Required action – Repeat each entry below exactly, omitting any picture it holds.
++++++
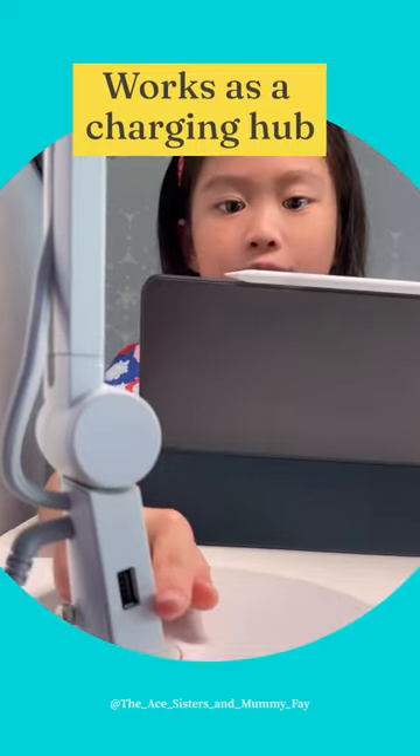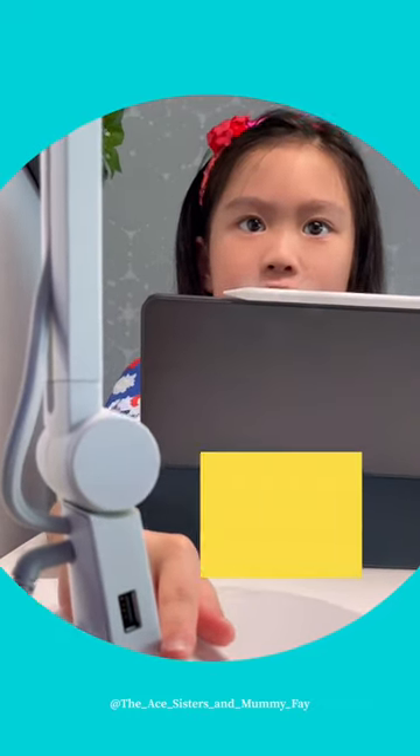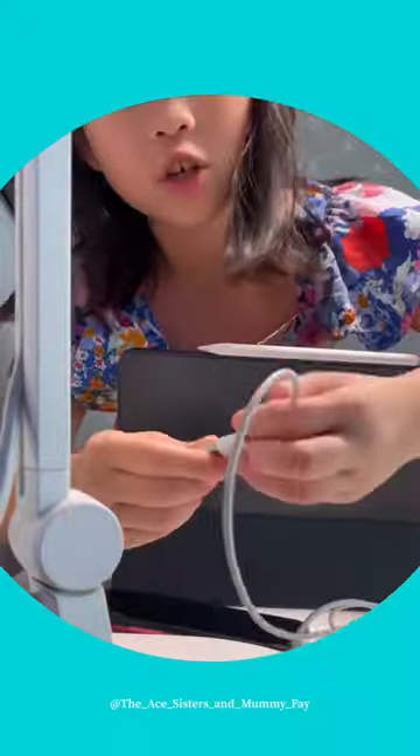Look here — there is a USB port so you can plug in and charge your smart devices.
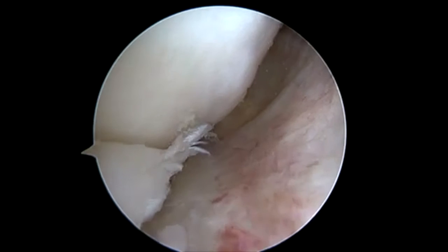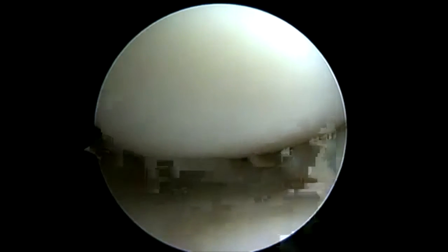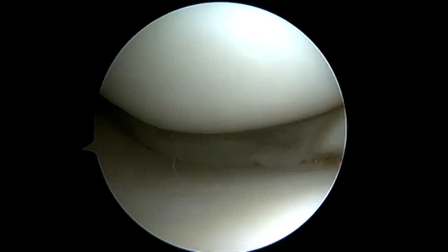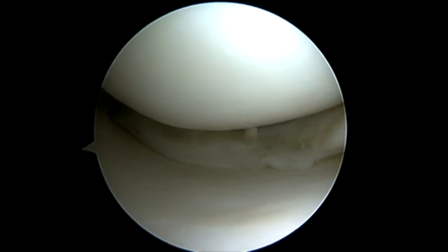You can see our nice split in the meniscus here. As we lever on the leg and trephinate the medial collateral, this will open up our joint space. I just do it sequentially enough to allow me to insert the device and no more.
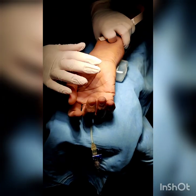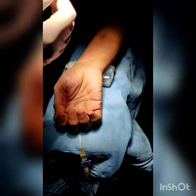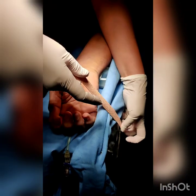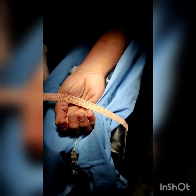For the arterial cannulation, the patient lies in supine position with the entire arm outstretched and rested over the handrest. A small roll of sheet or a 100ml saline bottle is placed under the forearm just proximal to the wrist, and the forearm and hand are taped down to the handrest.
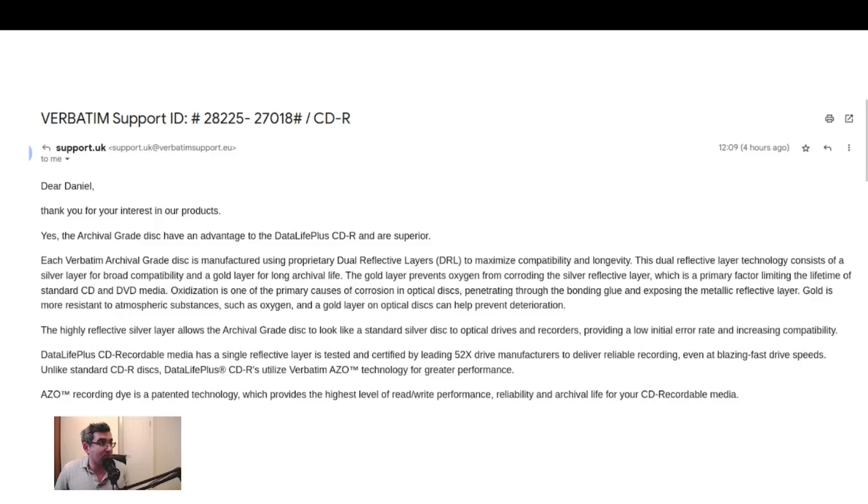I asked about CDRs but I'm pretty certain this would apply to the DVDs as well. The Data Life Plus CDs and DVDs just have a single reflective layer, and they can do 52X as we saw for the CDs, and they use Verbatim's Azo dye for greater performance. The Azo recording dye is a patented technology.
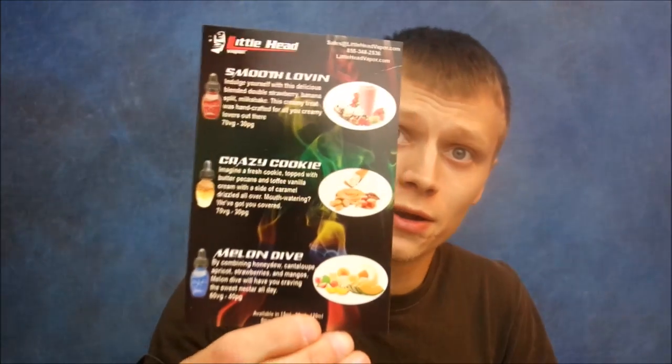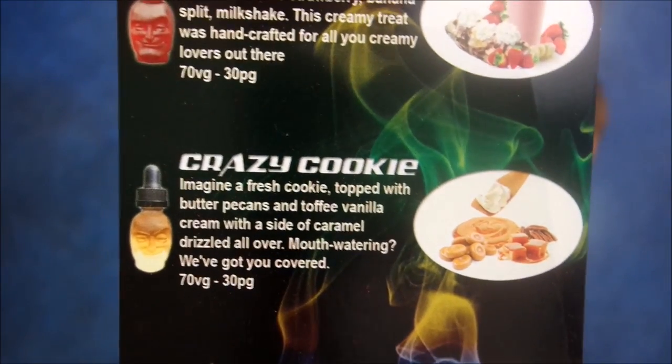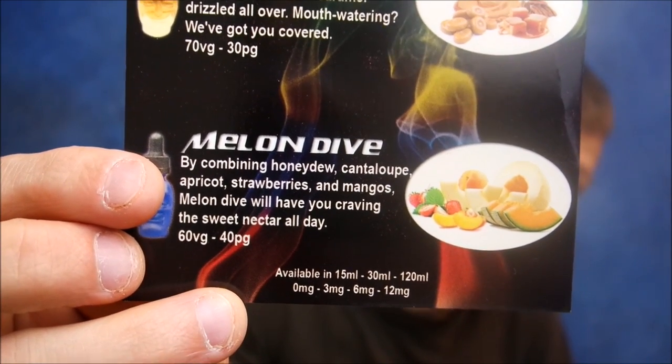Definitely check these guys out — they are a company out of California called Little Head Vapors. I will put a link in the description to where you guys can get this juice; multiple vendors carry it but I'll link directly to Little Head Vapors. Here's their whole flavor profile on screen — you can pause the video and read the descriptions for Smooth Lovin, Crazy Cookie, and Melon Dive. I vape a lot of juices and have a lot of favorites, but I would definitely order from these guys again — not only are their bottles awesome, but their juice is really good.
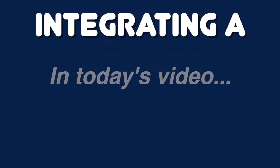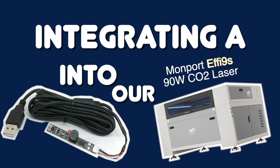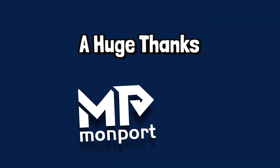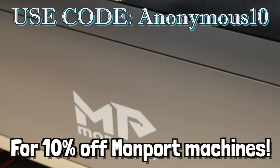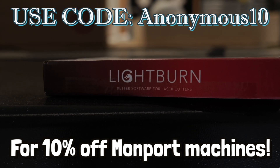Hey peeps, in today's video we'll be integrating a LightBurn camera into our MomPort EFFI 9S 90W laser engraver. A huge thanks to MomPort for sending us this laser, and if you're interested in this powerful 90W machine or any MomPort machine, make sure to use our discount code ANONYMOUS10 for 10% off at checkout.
++++++
Written solution –
Look here — there is a USB port so you can plug in and charge your smart devices.
You can see our nice split in the meniscus here. As we lever on the leg and trephinate the medial collateral, this will open up our joint space. I just do it sequentially enough to allow me to insert the device and no more.
For the arterial cannulation, the patient lies in supine position with the entire arm outstretched and rested over the handrest. A small roll of sheet or a 100ml saline bottle is placed under the forearm just proximal to the wrist, and the forearm and hand are taped down to the handrest.
I asked about CDRs but I'm pretty certain this would apply to the DVDs as well. The Data Life Plus CDs and DVDs just have a single reflective layer, and they can do 52X as we saw for the CDs, and they use Verbatim's Azo dye for greater performance. The Azo recording dye is a patented technology.
Definitely check these guys out — they are a company out of California called Little Head Vapors. I will put a link in the description to where you guys can get this juice; multiple vendors carry it but I'll link directly to Little Head Vapors. Here's their whole flavor profile on screen — you can pause the video and read the descriptions for Smooth Lovin, Crazy Cookie, and Melon Dive. I vape a lot of juices and have a lot of favorites, but I would definitely order from these guys again — not only are their bottles awesome, but their juice is really good.
Hey peeps, in today's video we'll be integrating a LightBurn camera into our MomPort EFFI 9S 90W laser engraver. A huge thanks to MomPort for sending us this laser, and if you're interested in this powerful 90W machine or any MomPort machine, make sure to use our discount code ANONYMOUS10 for 10% off at checkout.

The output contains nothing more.